[Data extracts Boundary: Start]
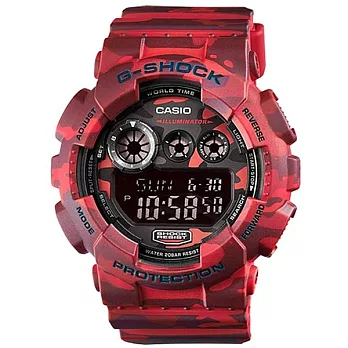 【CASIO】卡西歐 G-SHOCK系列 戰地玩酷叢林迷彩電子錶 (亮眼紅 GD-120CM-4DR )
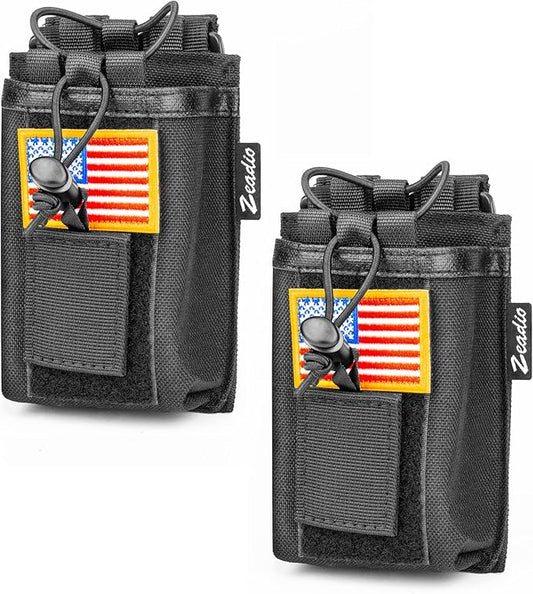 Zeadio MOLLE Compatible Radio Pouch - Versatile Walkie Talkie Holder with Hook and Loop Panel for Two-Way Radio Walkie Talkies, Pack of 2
[Data extracts Boundary: End]
[Data extracts Boundary: Start]
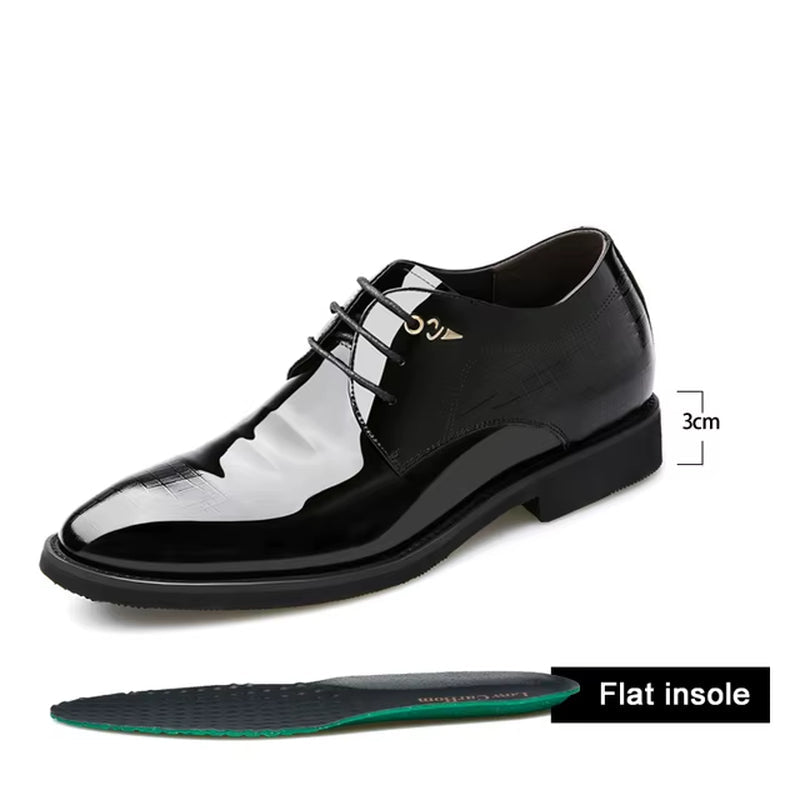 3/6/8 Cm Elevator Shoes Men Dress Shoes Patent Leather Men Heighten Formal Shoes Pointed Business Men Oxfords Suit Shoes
[Data extracts Boundary: End]
> **Brief**
Would you set down only the lines above from the line with "(亮眼紅 GD-120CM-4DR )" to the line with "Zeadio MOLLE Compatible", both included, exactly as they stand and without the pictures?

> **Reply**
 【CASIO】卡西歐 G-SHOCK系列 戰地玩酷叢林迷彩電子錶 (亮眼紅 GD-120CM-4DR )
 Zeadio MOLLE Compatible Radio Pouch - Versatile Walkie Talkie Holder with Hook and Loop Panel for Two-Way Radio Walkie Talkies, Pack of 2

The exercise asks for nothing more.